> What you need to do:
Among the entries below, only the lines from the one with "PremiumPort Yılbaşı ve" through the one with "هر دو همسر سابق" are wanted, reproduced exactly. Pictures are not wanted.

> Data provided:

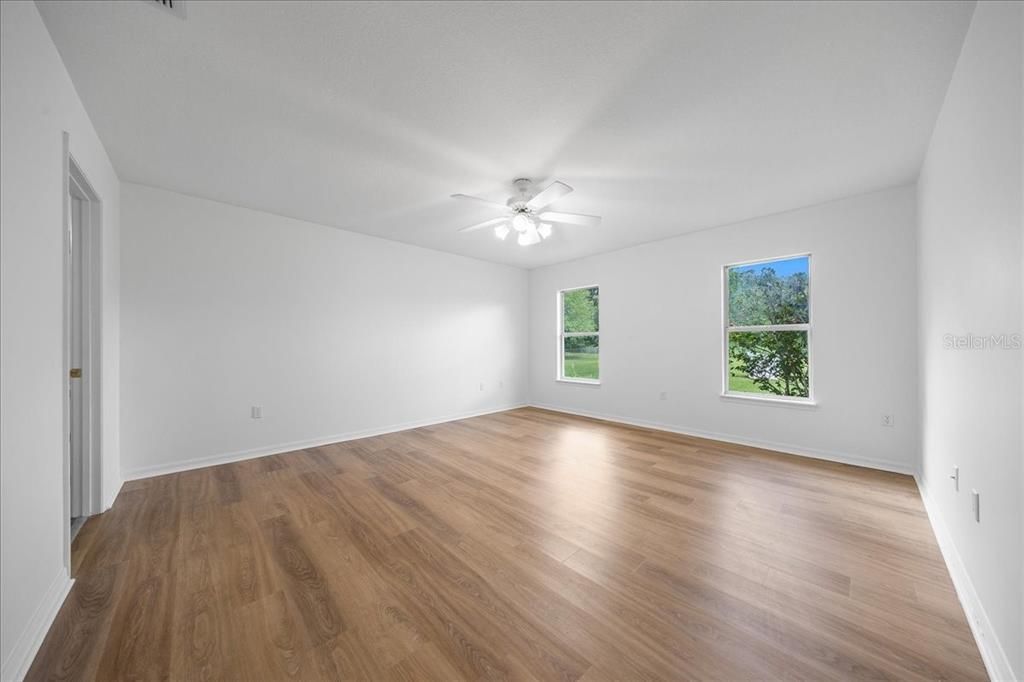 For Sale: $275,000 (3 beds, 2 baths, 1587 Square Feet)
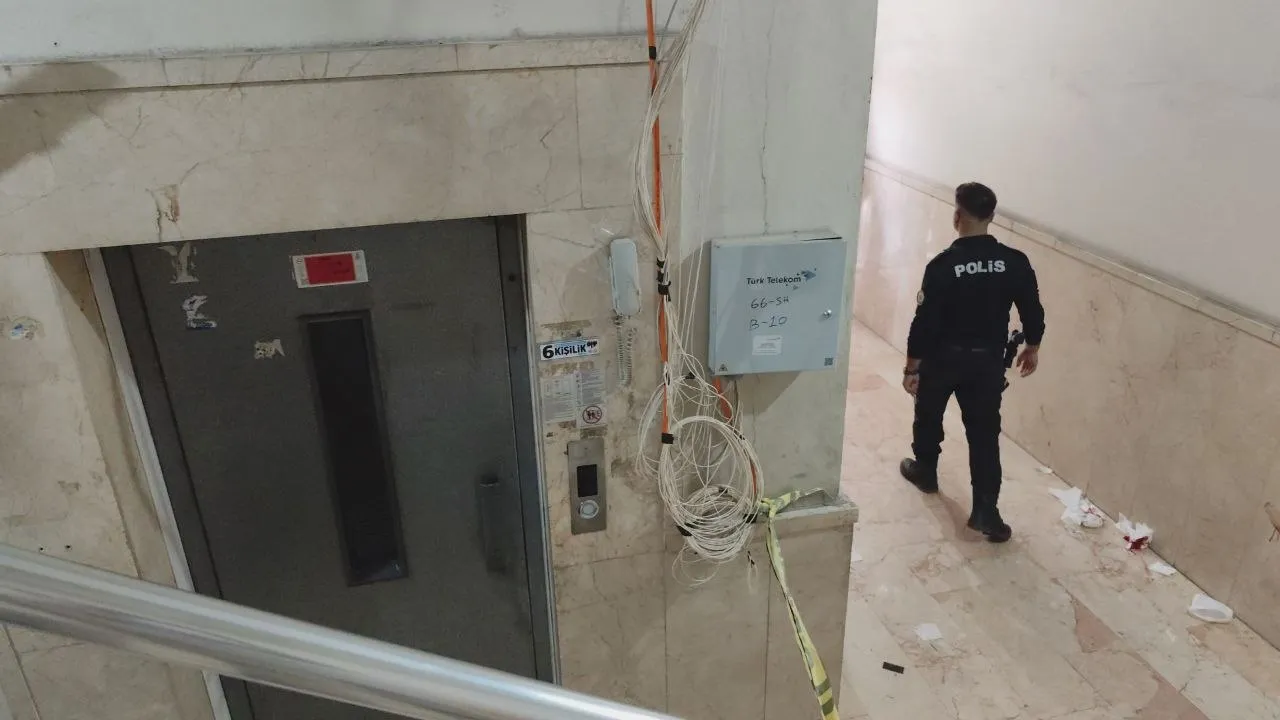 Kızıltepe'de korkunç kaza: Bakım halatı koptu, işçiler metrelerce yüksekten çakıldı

==

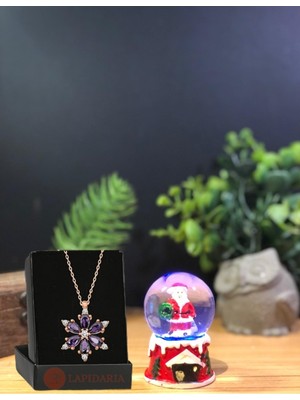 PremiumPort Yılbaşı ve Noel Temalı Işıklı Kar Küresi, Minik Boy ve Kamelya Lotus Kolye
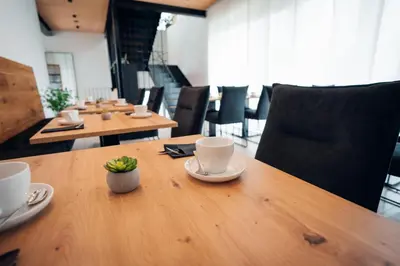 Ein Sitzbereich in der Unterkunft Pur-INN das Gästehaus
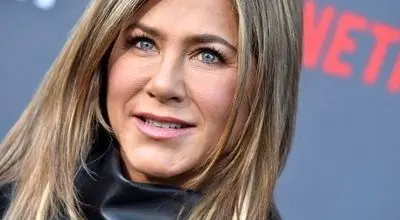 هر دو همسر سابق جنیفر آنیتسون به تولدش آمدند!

* * *

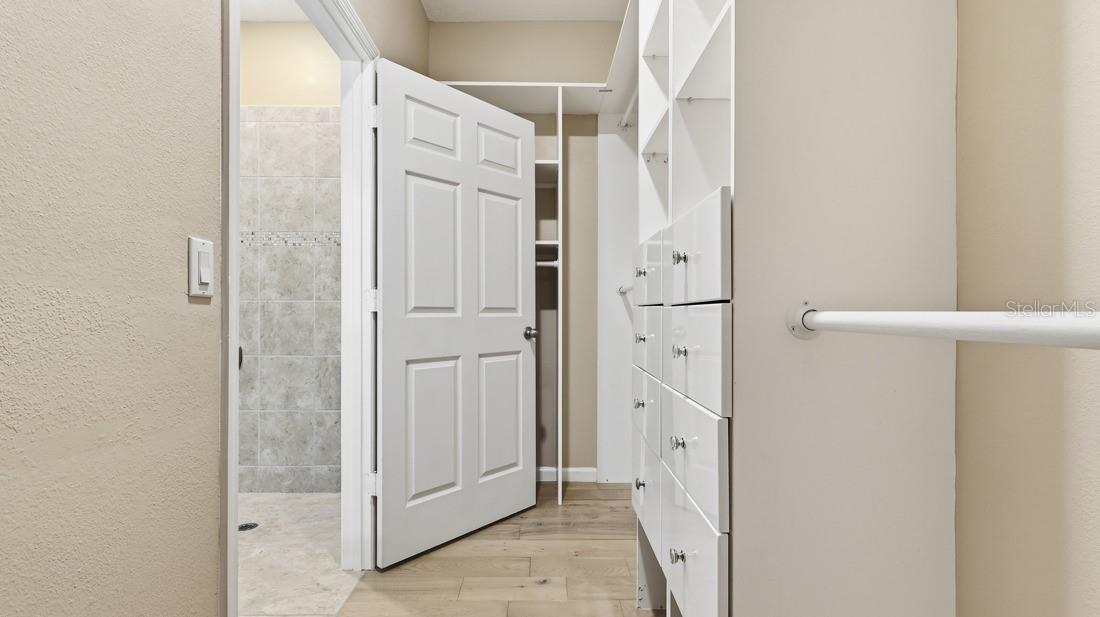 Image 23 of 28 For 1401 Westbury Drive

> Output of the exercise:
 PremiumPort Yılbaşı ve Noel Temalı Işıklı Kar Küresi, Minik Boy ve Kamelya Lotus Kolye
 Ein Sitzbereich in der Unterkunft Pur-INN das Gästehaus
 هر دو همسر سابق جنیفر آنیتسون به تولدش آمدند!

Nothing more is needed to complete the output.